For easy comparison in this article, we’ll examine the coverage provided for business risks by a standard HO-3 homeowners insurance policy and an HO-4 renters insurance policy. Individual insurers may use their own variations of these standard policies developed by the Insurance Services Office (ISO). However, most insurers tend to follow the standard insurance forms closely.
Both policy types approach business risks similarly.
Home Office Insurance: Personal Property
Your home insurance policy provides coverage for personal property, your personal belongings. If your computer and office equipment are owned by you as opposed to being owned by your business, you might find some coverage for your office equipment and furnishings. But the coverage limitations might surprise you.
A typical home insurance policy only provides up to $2,500 of coverage for business property. Some insurers provide an option to double the coverage amount to $5,000. But in both cases, the operative words are “up to,” meaning the coverage is predicated on your actual loss and capped by the limit.
Personal property is usually covered for actual cash value (ACV). Actual cash value is an adjusted value based on wear and tear due to age. This means your equipment began depreciating in terms of insured value as soon as you opened the box.
Again, some insurers offer an option to cover your property at full replacement cost. As the name suggests, replacement cost coverage pays the amount required to replace the item at today’s prices.
Addons or upgrades such as the ability to insure for full replacement cost are called endorsements. A standard HO-3 or HO-4 policy provides ACV coverage for personal property, and coverage for business equipment typically follows the same pattern.
Here’s an example of how coverage might apply. Imagine that faulty wiring causes a fire in your home, damaging your home office. Your home insurance policy will pay to repair damage to your home itself, but coverage for your business computer and other business equipment is limited.
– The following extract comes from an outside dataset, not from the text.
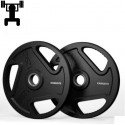 DISCOS DE BORRACHA (DIÂMETRO INTERNO 50 MM) PARA TREINAMENTO DE FORÇA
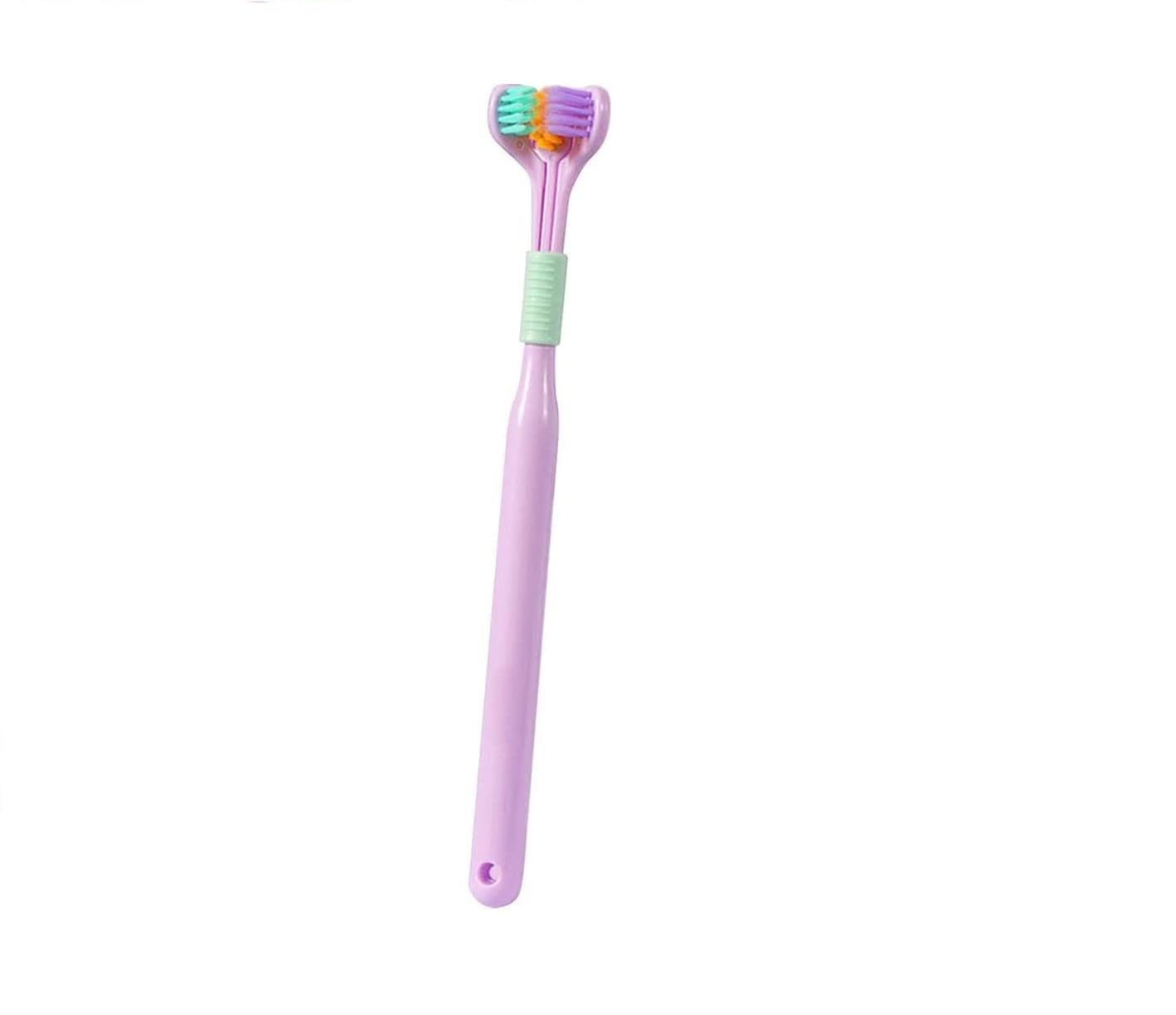 3-Sided Triple Angle Toothhugger Training Manual Toothbrush, Ultra Soft Bristles, Toddler and Autistic Oral Care Gentle Clean Each Tooth to Completely Cover The Toothbrush Multicolor (2)-image-22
With an unendorsed policy, your coverage for business equipment is limited to $2,500 with most insurers. A high-end business laptop alone can cost up to $3,000 to replace, and an office fire will likely affect more than just the computer. A damaged smartphone can cost $1,000 or more to replace. A combined loss of $4,000 with just these two items would leave a coverage gap of $1,500.
If you’ve invested a significant amount in your home office and equipment, check your coverage with your agent to see if any adjustments are needed. Depending on the value of your business equipment, it may be prudent to increase your coverage limit for business equipment using an endorsement or perhaps even consider a dedicated business policy.
Home Office Insurance: Personal Liability
Liability refers to our financial responsibility for losses suffered by others due to our actions or inactions.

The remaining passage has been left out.